§ WORK ORDER
Lines from the beginning of the entries up to and including the one with "Botanical illustration Vector" must be duplicated word for word; leave out all others.

[Stored records]
......
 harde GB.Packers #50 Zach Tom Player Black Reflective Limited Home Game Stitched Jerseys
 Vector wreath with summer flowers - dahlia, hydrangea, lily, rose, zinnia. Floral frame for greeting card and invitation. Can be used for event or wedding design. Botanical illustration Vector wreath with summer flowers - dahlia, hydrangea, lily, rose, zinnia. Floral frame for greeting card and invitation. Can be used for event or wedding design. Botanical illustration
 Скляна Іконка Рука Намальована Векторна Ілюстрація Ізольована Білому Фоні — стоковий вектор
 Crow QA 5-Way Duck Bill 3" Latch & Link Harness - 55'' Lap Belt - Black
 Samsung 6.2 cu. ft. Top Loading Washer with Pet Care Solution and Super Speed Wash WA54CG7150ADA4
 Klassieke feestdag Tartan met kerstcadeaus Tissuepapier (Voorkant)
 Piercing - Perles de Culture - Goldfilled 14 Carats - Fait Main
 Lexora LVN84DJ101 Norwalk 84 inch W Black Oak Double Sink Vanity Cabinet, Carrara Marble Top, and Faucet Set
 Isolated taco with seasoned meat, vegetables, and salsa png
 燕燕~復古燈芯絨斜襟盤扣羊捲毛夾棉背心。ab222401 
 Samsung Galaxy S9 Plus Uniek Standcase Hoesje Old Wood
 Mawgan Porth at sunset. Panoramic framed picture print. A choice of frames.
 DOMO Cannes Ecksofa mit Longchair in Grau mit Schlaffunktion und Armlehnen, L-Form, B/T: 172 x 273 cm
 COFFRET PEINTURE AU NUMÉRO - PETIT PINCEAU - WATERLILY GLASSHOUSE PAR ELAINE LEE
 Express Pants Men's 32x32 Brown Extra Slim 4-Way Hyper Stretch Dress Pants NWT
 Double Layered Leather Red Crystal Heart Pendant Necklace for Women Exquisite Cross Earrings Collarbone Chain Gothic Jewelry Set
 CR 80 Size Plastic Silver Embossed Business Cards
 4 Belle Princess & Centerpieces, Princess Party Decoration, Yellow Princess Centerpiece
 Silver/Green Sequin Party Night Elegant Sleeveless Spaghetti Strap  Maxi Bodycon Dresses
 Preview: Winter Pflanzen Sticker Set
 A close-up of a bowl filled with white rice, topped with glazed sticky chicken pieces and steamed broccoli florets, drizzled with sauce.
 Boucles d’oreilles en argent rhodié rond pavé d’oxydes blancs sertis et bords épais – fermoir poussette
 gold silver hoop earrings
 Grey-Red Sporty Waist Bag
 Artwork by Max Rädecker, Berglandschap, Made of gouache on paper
......
§ EXERCISE ANSWER
 harde GB.Packers #50 Zach Tom Player Black Reflective Limited Home Game Stitched Jerseys
 Vector wreath with summer flowers - dahlia, hydrangea, lily, rose, zinnia. Floral frame for greeting card and invitation. Can be used for event or wedding design. Botanical illustration Vector wreath with summer flowers - dahlia, hydrangea, lily, rose, zinnia. Floral frame for greeting card and invitation. Can be used for event or wedding design. Botanical illustration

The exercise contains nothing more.